Find the point on curve nearest to the origin

Question

The curve is $xy^2=54$ and the function $f(x,y)=x^2+y^2$ whose minimum value I want to compute on curve. Now I want to find the minimum value of function subject to the constrain that is $g(x,y)=xy^2-54=0$. Using the method of Lagrange multiplier i.e, $\vec{\nabla}f=\lambda \vec{\nabla}g$ and $g(x,y)=0$. I get $2x=\lambda y^2$, $2y=2\lambda xy$ and $xy^2-54=0.$ I tried a lot to find to find point on the curve from these three equation but I am facing troubles. Two variables can't be eleminate at time from these three.

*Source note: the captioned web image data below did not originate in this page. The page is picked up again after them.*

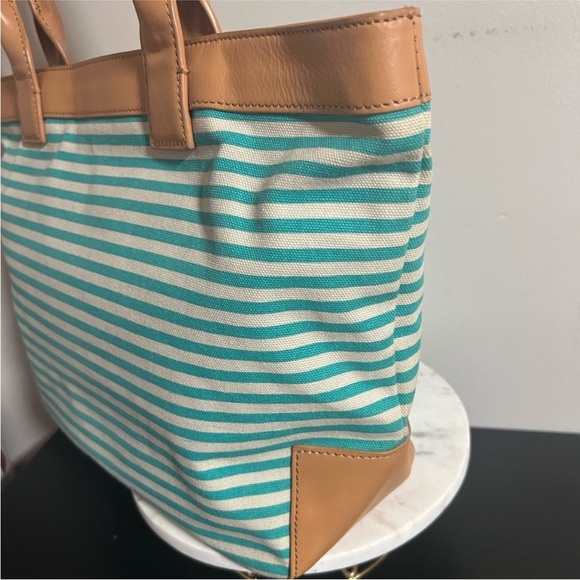 Tory Sophia Canvas Burch Aqua and Tan Striped Tote - Picture 8 of 15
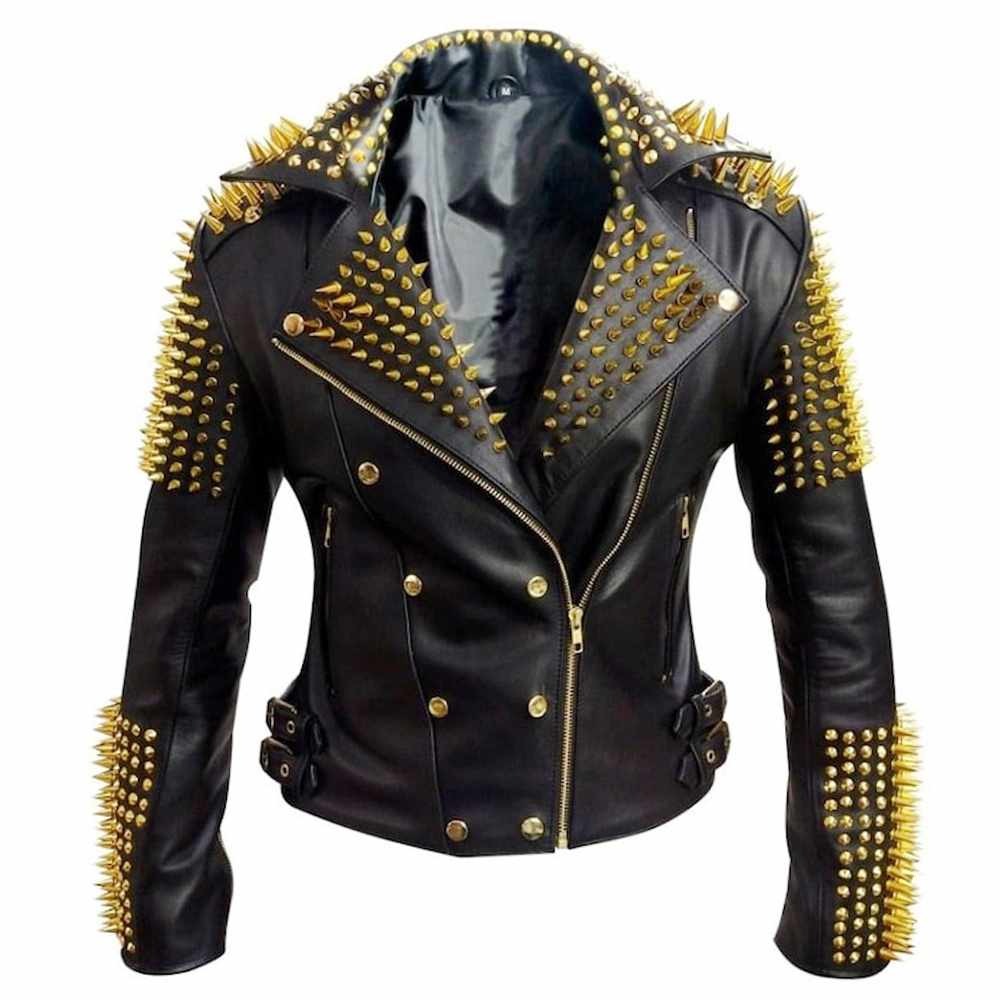 Goldene Nietenbesetzte Heavy Metal Spikes Motorrad Lederjacke für Herren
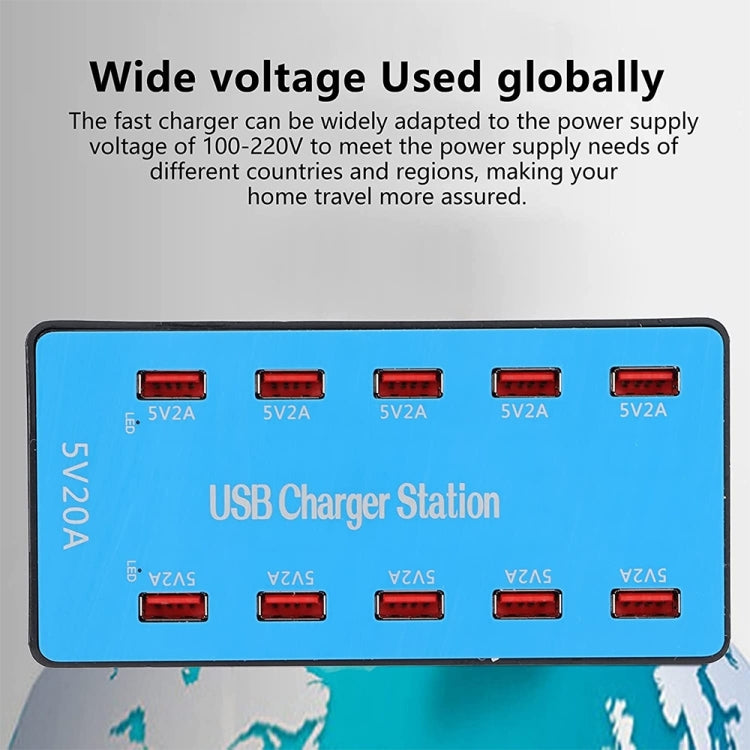 A5B 100W 10 Ports USB Smart Charging Station with Indicator Light, US Plug - Multifunction Charger by PMC Jewellery | Online Shopping South Africa | PMC Jewellery | Buy Now Pay Later Mobicred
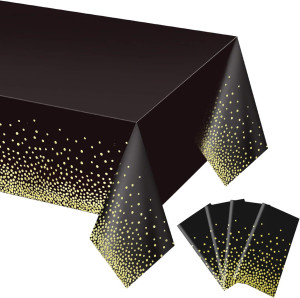 4 Pack Black and Gold Plastic Tablecloth for Recta...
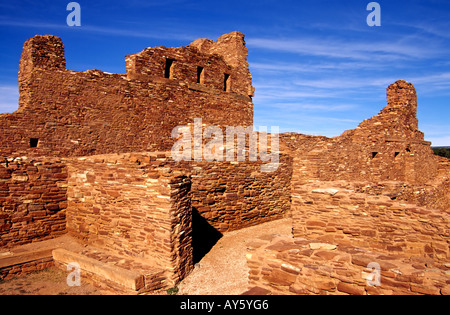 Die imposante Mission San Gregorio de Abo, Abo Ruinen, Salinas Pueblo Missionen National Monument, New Mexico. Stockfoto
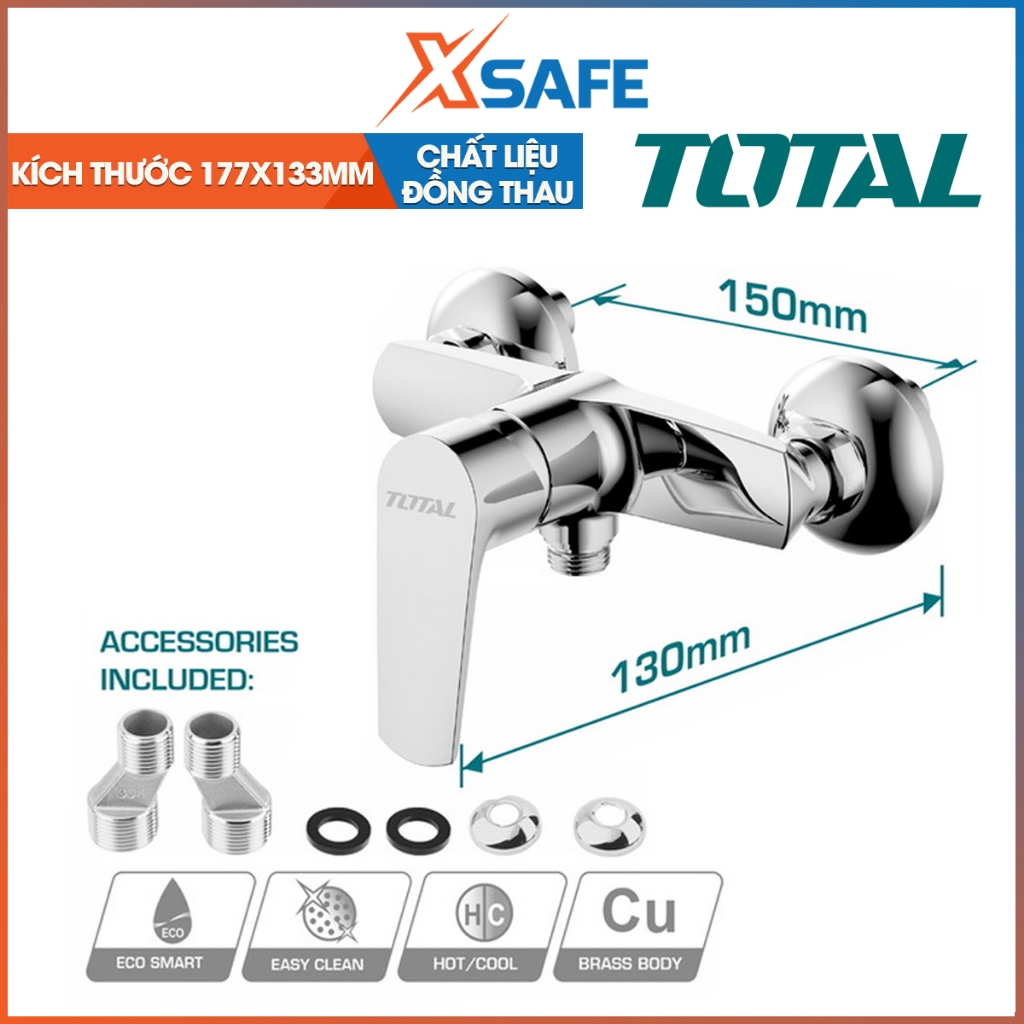 TOTAL TSLBM41201 ก๊อกน้ําฝักบัว ขนาด 177x130mm ขัด 2 ชั้น และชุบโครเมียม แกนวาล์วคุณภาพสูง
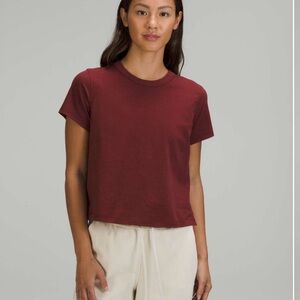 Lululemon Classic-Fit Cotton-Blend T-Shirt Red Merlot no size-see measurements!!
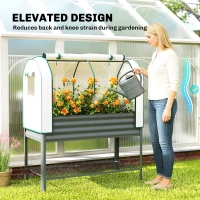 Outsunny Galvanised Raised Planter with Greenhouse Cover, Metal Raised Garden Bed on Legs with Bed Liner and Bottom Shelf(m-6)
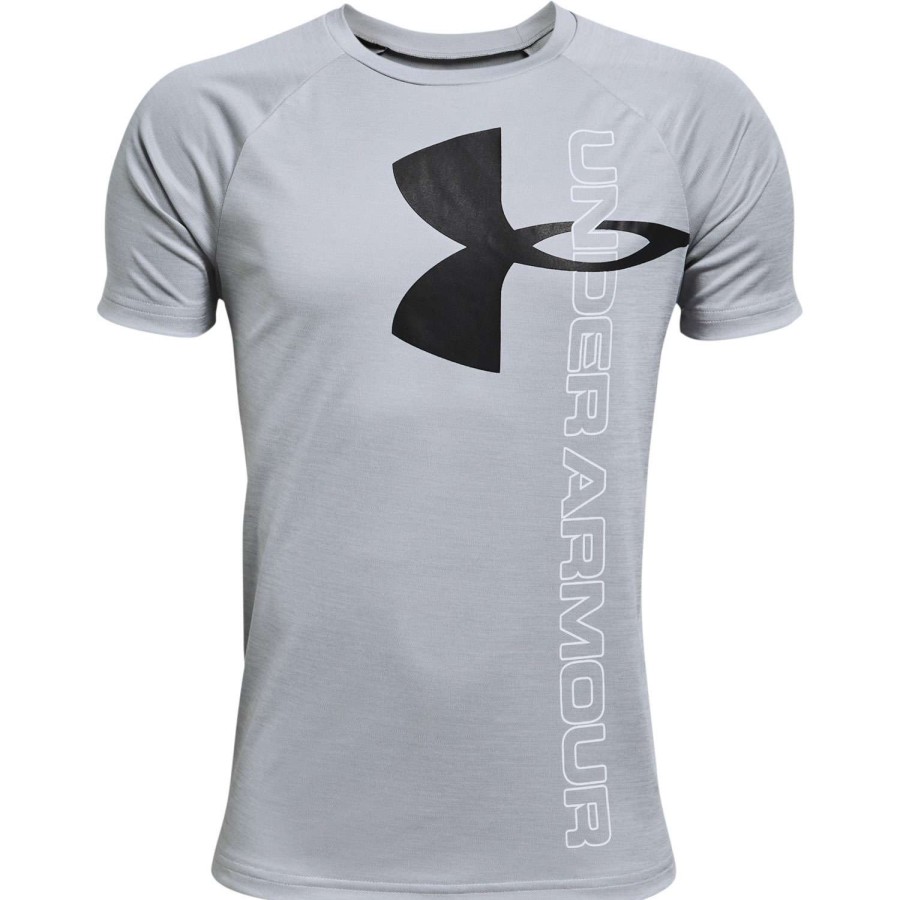 Apparel * | Excellent Quality Under Armour Boys' Split Logo Tech T-Shirt Gray/Black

THanks in advance!

Answer 1

f(x,y) = x$^2$ + 54/x = g(x).
g'(x) = 2x - 54/x$^2$ = 0.
2x$^3$ = 54, etc.

Answer 2

You can get the solution by eliminating one of the variables using the constraint, as said in other answer. But you may prefer follow the method you chose to the end.

Three equations can be enough to find three unknowns,

$$\left\{ \begin{matrix} 2x=\lambda y^2\\ 2y=2\lambda xy \\ xy^2-54=0\\ \end{matrix} \right.$$

or

$$\left\{ \begin{matrix} 2x=\lambda y^2\\ y(\lambda x-1)=0 \\ xy^2-54=0\\ \end{matrix} \right.$$

From the second equation have that $y=0$, leading to the contradiction $0=54$ in the third one, or $\lambda=1/x$. Plug the value of $\lambda$ into the first: $2x^2=y^2$ and now, the value for $y^2$ found into the third: $2x^3-54=0$. An equation with a single real solution, $x=3$. Then $y=\pm3\sqrt 2$

The two solutions produce the same value for $f$ and it itself is not bounded, thus the solutions are minima.